Saskatoon’s Persephone Theatre has kicked off $2 million, over three years, fundraising campaign for a three-stage roof repair.
The theatre has been in the building since it was built 17 years ago and Breanne Harmon, the executive director at Persephone, says a very common material for the time was used in the rigid roof installation which has proven to be incompatible with Saskatchewan weather. It expands in hot summer weather and contracts in the cold winter which has created gaps. The lack of flexibility in the material is considered a roof assembly failure.
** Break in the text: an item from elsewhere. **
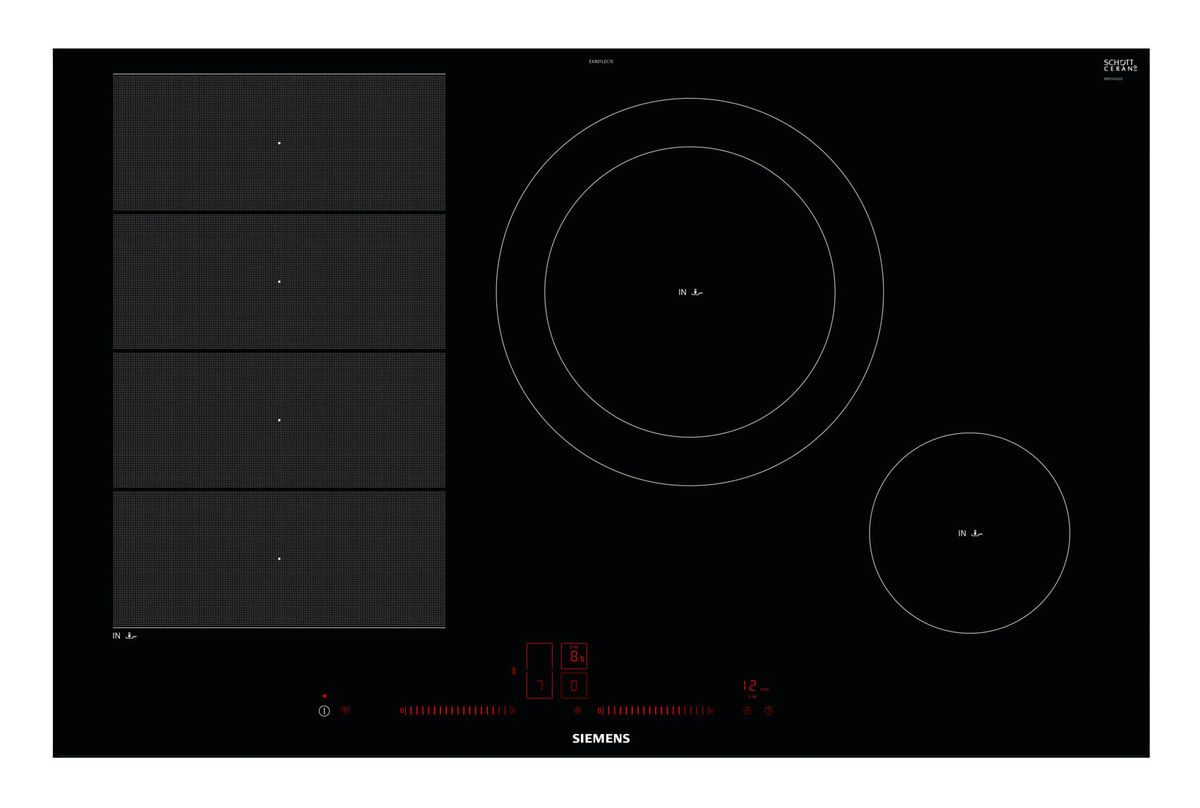 Image of Siemens EX801LEC1E Kochfeld bei nettoshop.ch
Harmon says there are three portions of the roof they are addressing and the first one, which they considered the most important, is the fly tower which is over the stage and audience. “We actually have a number of children’s kiddie pools up in our fly gallery which is 60 feet above the stage that captures the water as it falls. We have tarps up there, there’s a sump pump. Our technical director Jody Longworth has spent the last number of years going up and down, it’s about 94 spiral stairs, to get the water out, to sump pump it out, to have it go through the building hatch,” she explains.
Malcolm and Marilyn Leggett have kicked off the fundraising with a $300,000 donation. Harmon says they have also been successful in securing cultural infrastructure funding from the City of Saskatoon for the first phase of the project which will address the roof over the fly tower. The first portion is slated for repair this summer starting June 24th. They plan to open September 25 which will kick off their 50th milestone season leaving two remaining stages of the roof repair that will need to be undertaken.